▸ How to complete this task
Among the records below, find the line with "Image 3 : 1.02ct" and the line with "VestradeMV's tweet photo.". Set down both and every line between, exactly and with no pictures, but nothing else.

▸ Records for this exercise
┌────────
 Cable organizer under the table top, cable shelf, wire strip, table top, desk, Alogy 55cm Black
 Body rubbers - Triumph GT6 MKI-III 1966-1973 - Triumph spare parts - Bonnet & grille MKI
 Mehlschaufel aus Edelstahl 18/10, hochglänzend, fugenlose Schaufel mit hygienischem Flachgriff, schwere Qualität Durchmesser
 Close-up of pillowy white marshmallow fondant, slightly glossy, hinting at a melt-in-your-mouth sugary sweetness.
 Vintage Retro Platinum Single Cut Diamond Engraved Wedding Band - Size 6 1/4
└────────
┌────────
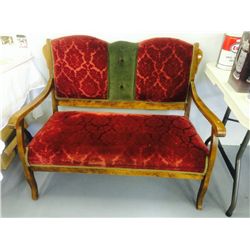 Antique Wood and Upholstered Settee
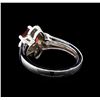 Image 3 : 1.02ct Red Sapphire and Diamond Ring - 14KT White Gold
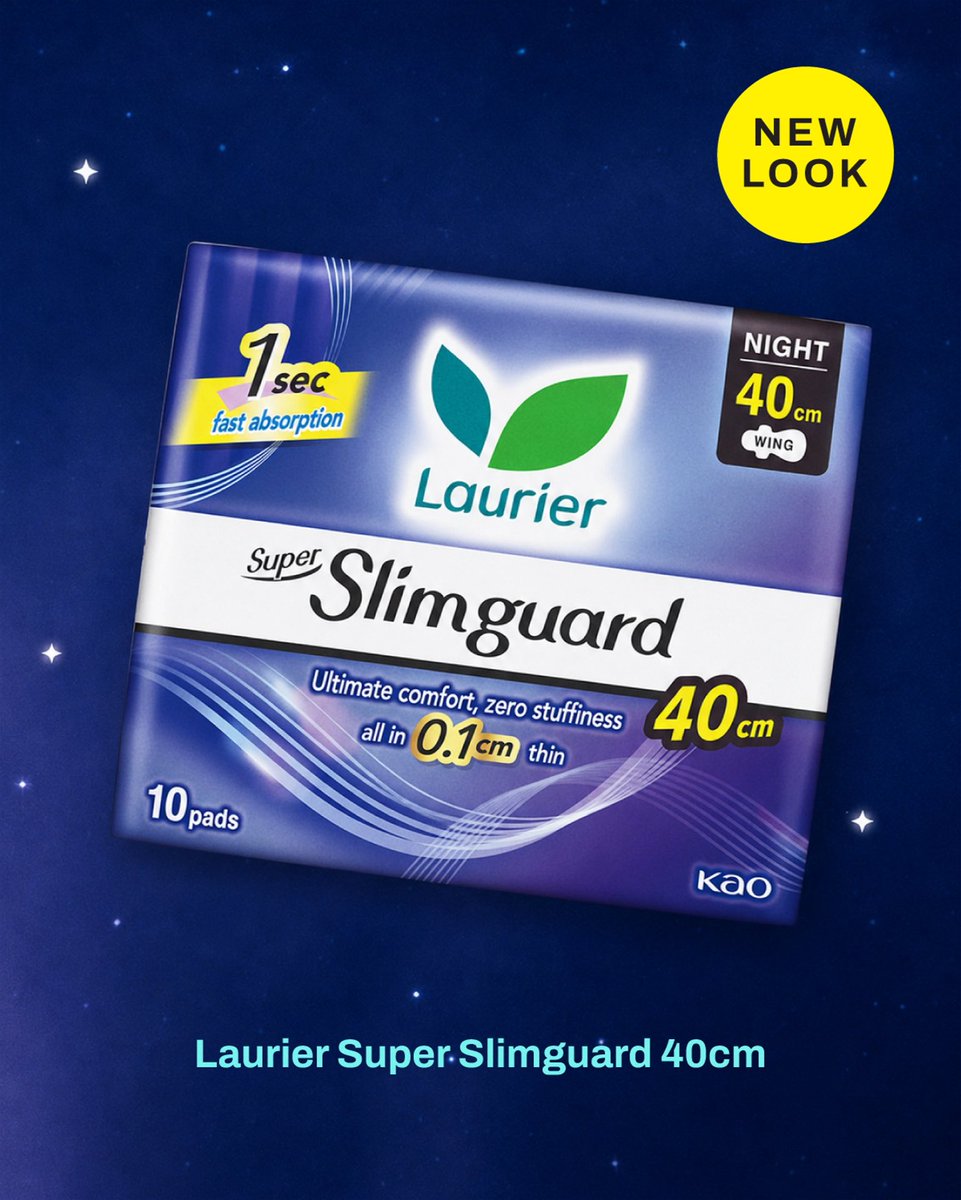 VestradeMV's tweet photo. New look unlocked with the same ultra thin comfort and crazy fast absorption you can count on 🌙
└────────
▸ Result
 Image 3 : 1.02ct Red Sapphire and Diamond Ring - 14KT White Gold
 VestradeMV's tweet photo. New look unlocked with the same ultra thin comfort and crazy fast absorption you can count on 🌙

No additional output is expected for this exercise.